Compared to the CG (control group), Triton WR-1339 caused a significant increase the levels of TC, TGs and LDL-C in plasma (p < 0.001) of the HG (hyperlipidemic group). In reality, the increase of TC level in plasma of the HG was 367% after 24 h in comparison with the CG. The TGs level in the HG was also elevated by 1640% after 24 h. Meanwhile, the LDL-C level in HG was increased by 252% after 24 h as compared to the CG, while a significant decrease (31%, p < 0.001) in the HDL-C was shown 24 h after Triton WR-1339 injection. Compared to the HG, the crude lipophilic components displayed a significant decrease in TC (35 and 70% at 100 and 200 mg/kg) and in TG (90 and 94% at 100 and 200 mg/kg); LDL-C level was reduced by 26 and 42% at 100 and 200 mg/kg, respectively; a significant increase in HDL-C by 41 and 56% at 100 and 200 mg/kg, respectively, was also indicated.
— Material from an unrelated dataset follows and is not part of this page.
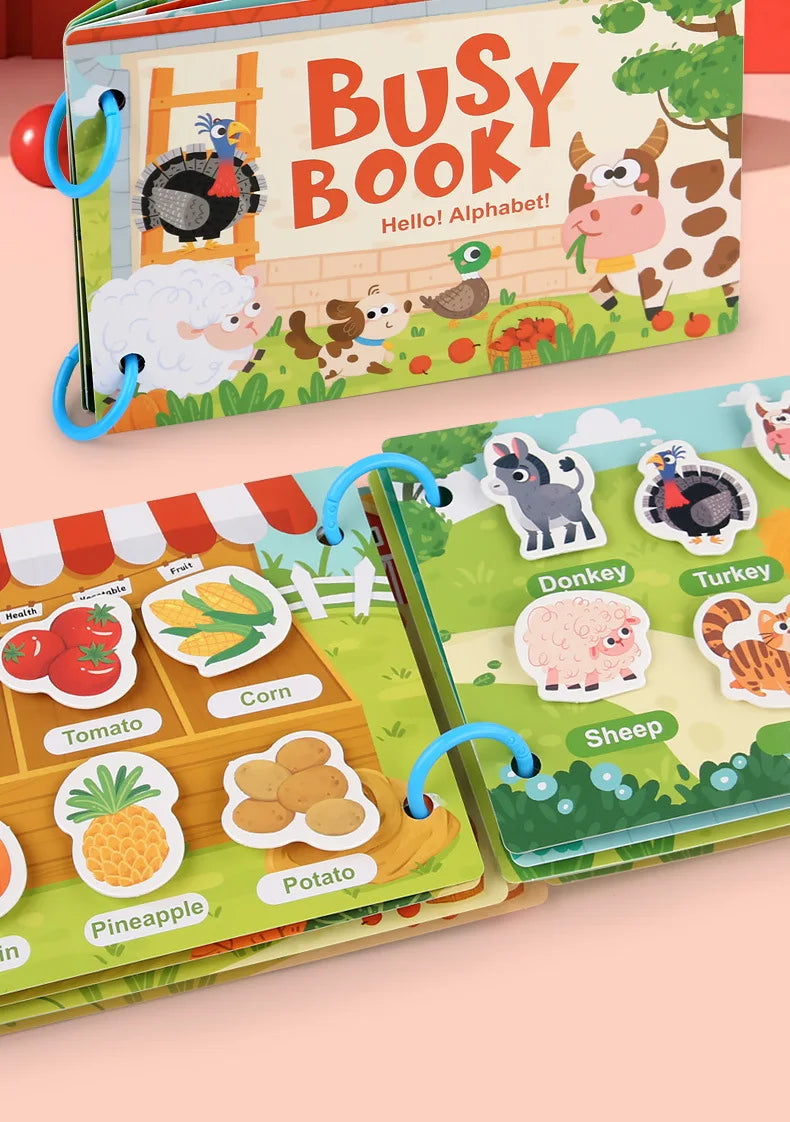 A colorful Montessori quiet book featuring illustrations of farm animals and fruits, designed for toddlers.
Significantly elevated plasma TGs levels (by 87%, 48%, 33% and 93%) were exhibited in simvastatin-, compound 1-, 2- and 9-treated rats, respectively, with respect to HG and in TC (69%, 32%, 33% and 64% in simvastatin-, compound 1, 2 and 9-treated rats). LDL-C level was reduced by 32%, 24%, 29% and 39% in simvastatin-, compound 1, 2- and 9-treated rats, respectively; a significant increase in HDL-C by 20%, 53%, 72% and 31% in simvastatin-, compound 1, 2- and 9-treated rats, respectively, was also observed.

The data in this study showed that the plasma TC, TGs and LDL-C levels were significantly decreased and the plasma HDL-C level was significantly increased at the 24 h of injection of Triton WR-1339 after the treatment with the crude lipophilic components in a dose-dependent manner for 15 d. The hypolipidemic action of the crude lipophilic components was obviously higher for TG than for TC. The results showed that oral dose of 4 mg/kg of chamazulene (1), acetylene (E)-2 (2) and linolenic acid (9) had antihyperlipidemic effect, because they could inhibit the elevation of TC, LDL-C and TG levels in Triton WR-1339-induced hyperlipidemia rat model. Compounds 1, 2 and 9- had similar hypolipidemic effects with crude lipophilic components, and their effects on TG were higher than those of TC. These results can be explained by understanding that the significant increase in plasma TC and TG levels after Triton WR-1339 administration is mainly due to the increased secretion of very low density lipoprotein (VLDL) by the liver. The proportion of TG in VLDL is several times that of cholesterol and decreases sharply with the decomposition and metabolism of VLDL and LDL [30]. After administration of Triton WR-133924 h, the level of HDL-C increased significantly with compounds 1, 2 and 9, which may have anti-atherosclerotic effects [31]. HDL enhanced the mobilization of TG and TC from plasma to liver and made them decompose and secrete in the form of bile acids [32].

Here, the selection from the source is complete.